▸ Action item: A faithful copy of the listing below is needed, one that contains no pictures.

▸ Dataset section:
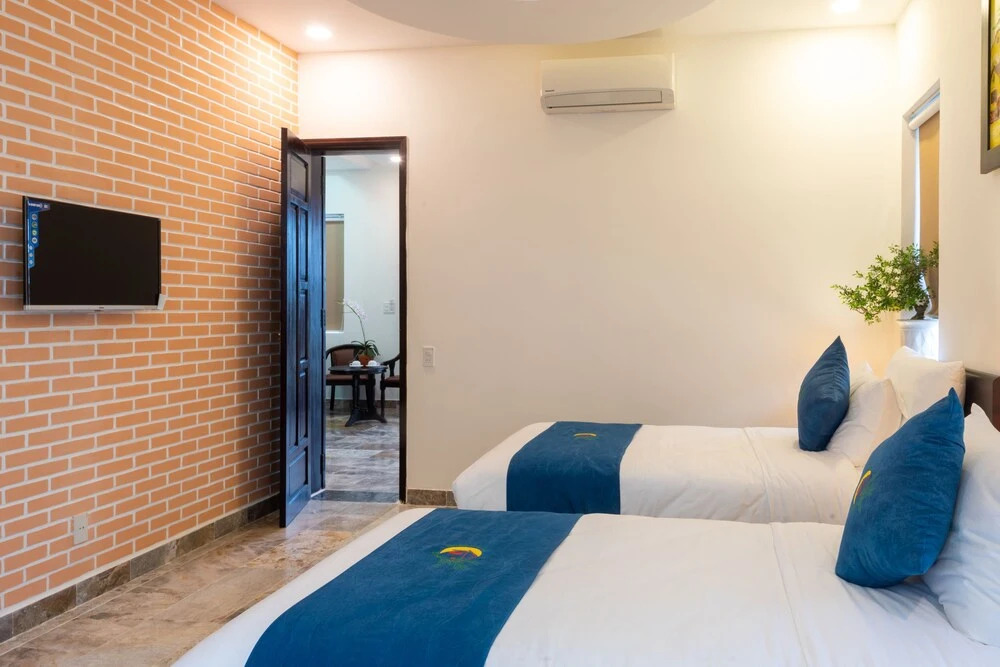 Хойан: Green Village Villa Hoi An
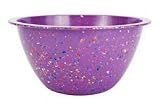Purple Extra Large Melamine Bowl 0238 5160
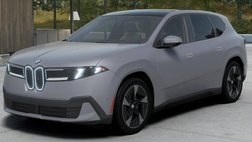2027 BMW iX3 50 xDrive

▸ Expected answer:
 Хойан: Green Village Villa Hoi An
Purple Extra Large Melamine Bowl 0238 5160
2027 BMW iX3 50 xDrive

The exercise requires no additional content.